Глава 32. Безвкусный дом

Глава 32. Безвкусный дом

Мы с Найджелом сидели, сцепив руки, на заднем сиденье, стиснутые между Мохаммедом-младшим и одним из двоих мужчин, которые только что в мечети защищали нас, но успели уже принять сторону наших врагов. Второй сел за руль, рядом с Абдуллой и Скидсом. Джамал прыгнул в кузов. Двери захлопнулись. Взревел двигатель. Несколько человек в толпе замахали руками.

Куда бы мы ни ехали, там все будет по-другому, не так, как прежде.

Меня начала бить дрожь. А потом я заговорила, обращаясь в основном к Мохаммеду и новобранцам в банде.

– Как вы могли это сделать, – говорила я, глядя на Мохаммеда, который смотрел вперед и не поворачивал головы. Заталкивая меня в машину, он нанес мне несколько ударов по лицу, так что едва не свернул челюсть. – Вы говорите, что вы мусульмане, но мы тоже мусульмане. Вы держите нас в заложниках, и это неправильно.

Никто не отвечал, лишь Найджел крепче сжал мою руку. Впереди, наполовину скрытая в облаке желтой пыли, ехала машина Ахмеда и Дональда.

Через десять минут езды по ухабам у фургона лопнула шина. Это случилось прямо напротив розового здания с вывеской «Университет Могадишо», что подтверждало мою догадку о том, что нас держат в пригороде, если не в самом городе. Стены здания были изрыты пулями и снарядами: студенческая жизнь в Могадишо – это вам не прогулка в парке.

Мальчики выгнали нас на улицу и пересадили в машину Ахмеда. За руль сел Дональд, а Ахмед остался в обездвиженном фургоне. Скидс, занимавший переднее пассажирское кресло, обернулся, потыкал пальцем в меня и Найджела и сделал «пиф-паф».

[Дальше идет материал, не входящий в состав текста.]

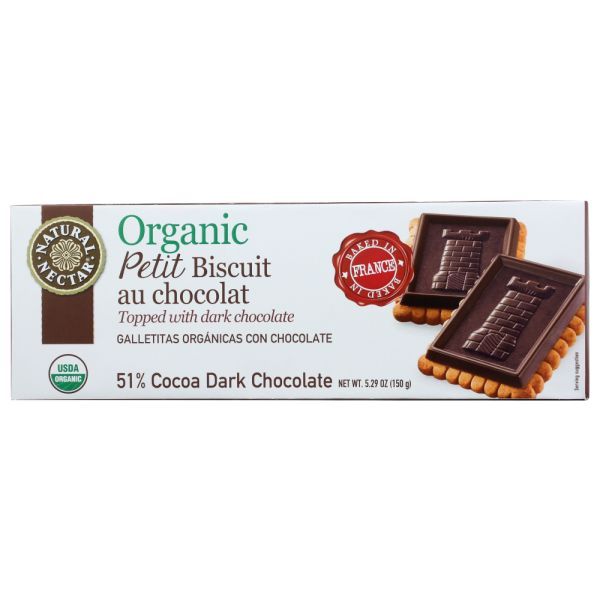 NATURAL NECTAR: Biscuit Petit Dark Choco, 5.29 oz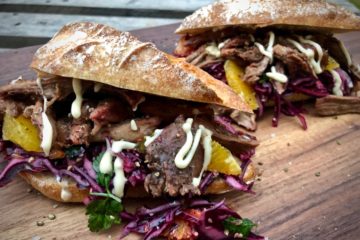 Pulled Duck Baguette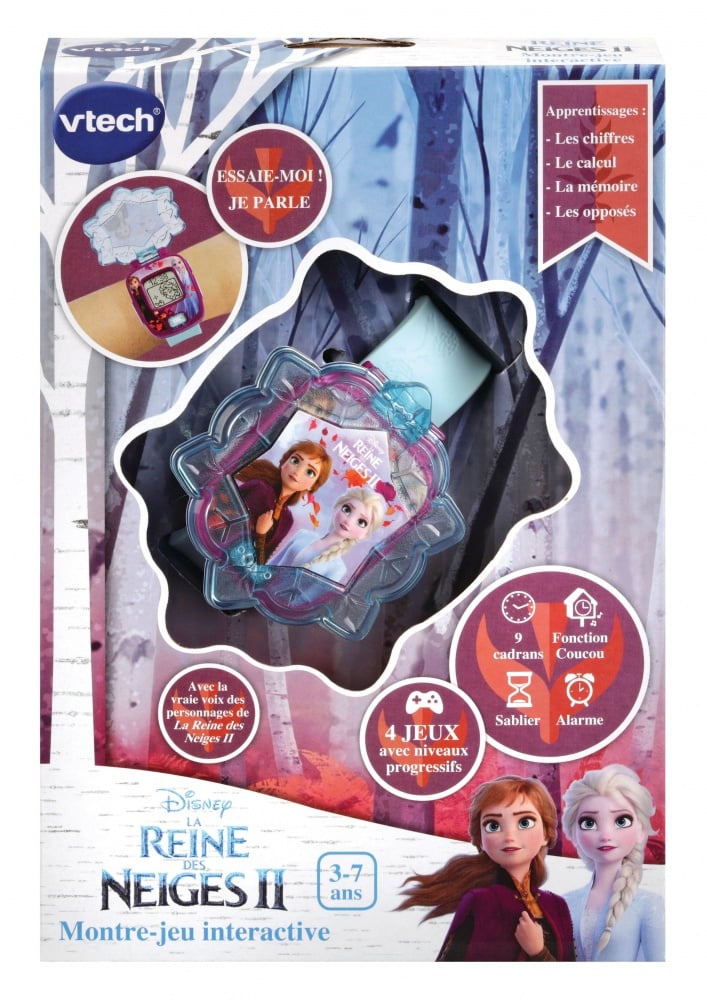 La montre-jeu interactive d'Elsa - La reine des neiges 2 - Jeux d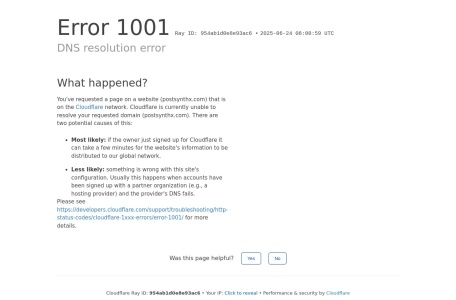 PostSynthX网页截图,PostSynthX网页快照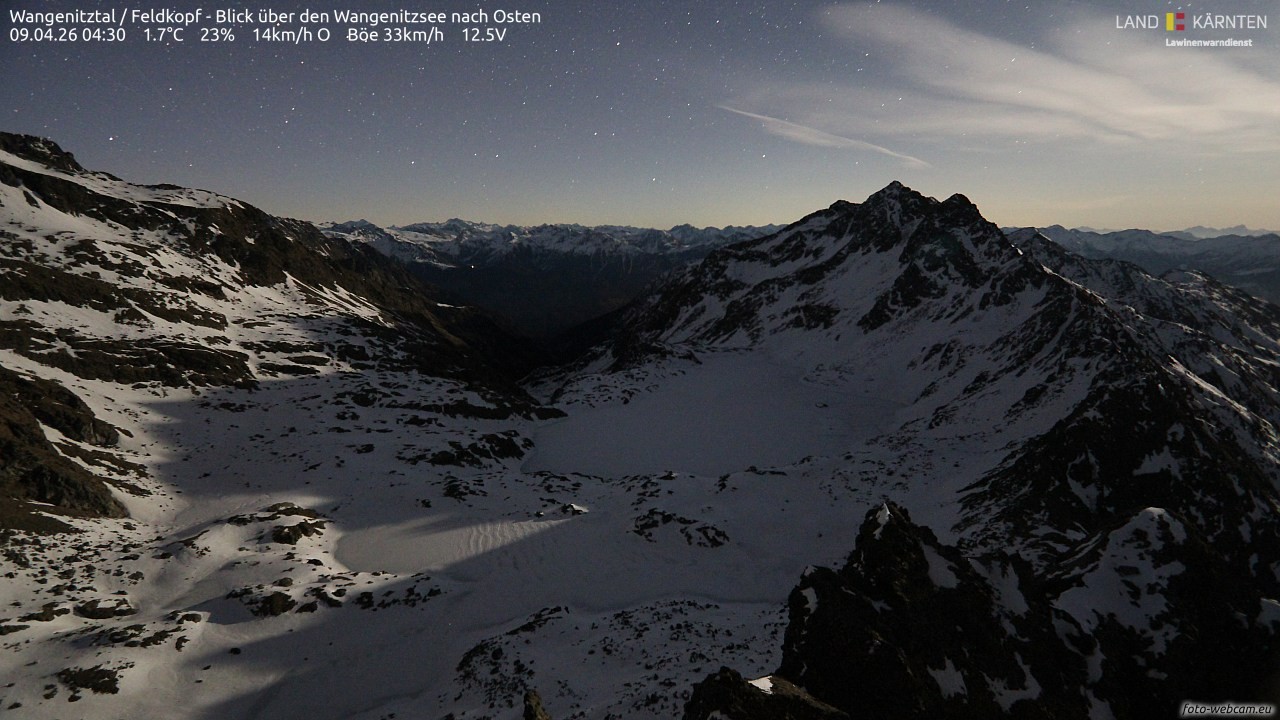 Archived image Webcam Feldkopf Wangenitztal - View to the East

– Они сейчас убьют нас, – безучастно сказала я, чувствуя страшную усталость во всем теле, хотя могла бы и не говорить – все и так было ясно.

Я заметила, что майка у Найджела порвана почти пополам и сквозь прореху виднеется кожа воскового оттенка. Мохаммед, сидевший рядом, вдруг ударил его в лицо. Найджел уронил голову и закрыл глаза. Я видела, что он едва сдерживается, чтобы не заплакать. Тут у Мохаммеда зазвонил телефон – на рингтоне у него квакали лягушки, – и это, возможно, уберегло Найджела от следующего удара.

Пока Мохаммед болтал по телефону, я шепотом говорила Найджелу, что он должен будет передать моим родным, если меня убьют, а он останется в живых. Помимо очевидных слов любви, сожаления и просьб о прощении, я попросила сказать моей маме, чтобы она съездила в Индию, если хочет лучше понять меня.

– А папа и Перри пусть съездят в Таиланд, – говорила я, – им там очень понравится.

Найджел в свою очередь просил и меня передать такие же слова его родителям, братьям, сестре и его девушке – сказать, что он любит их и что он очень виноват перед ними.

Мохаммед нежно ворковал в свой телефон. Мне даже показалось, что я слышу в трубке щебечущий голос ребенка, который смеется, слушая, что говорит ему Мохаммед.

Мимо проносились городские дома, эвкалипты, мини-автобусы, автомобильные покрышки, разложенные вдоль дороги. Штукатурка на некоторых зданиях пожелтела, как старая кость. Мужчины, толкающие тачки, женщины с ведрами, дети, глазеющие на машины, – все это было словно за закрытой дверью, напоминая, как глухо Сомали к нашему в нем присутствию. Один раз мы остановились, чтобы заправиться. На углу стояла тощая сомалийка и несколько канистр. В руках она держала жестяную банку. Скидс протянул в окно деньги, и она банкой налила в бак бензин. Мы с Найджелом на заднем сиденье были хорошо ей видны, но, заметив мой умоляющий взгляд, она отвернулась. Мы поехали дальше. У меня было ощущение, что нас возят кругами, дожидаясь некоего часа, чтобы убить. Словом, нам осталось недолго.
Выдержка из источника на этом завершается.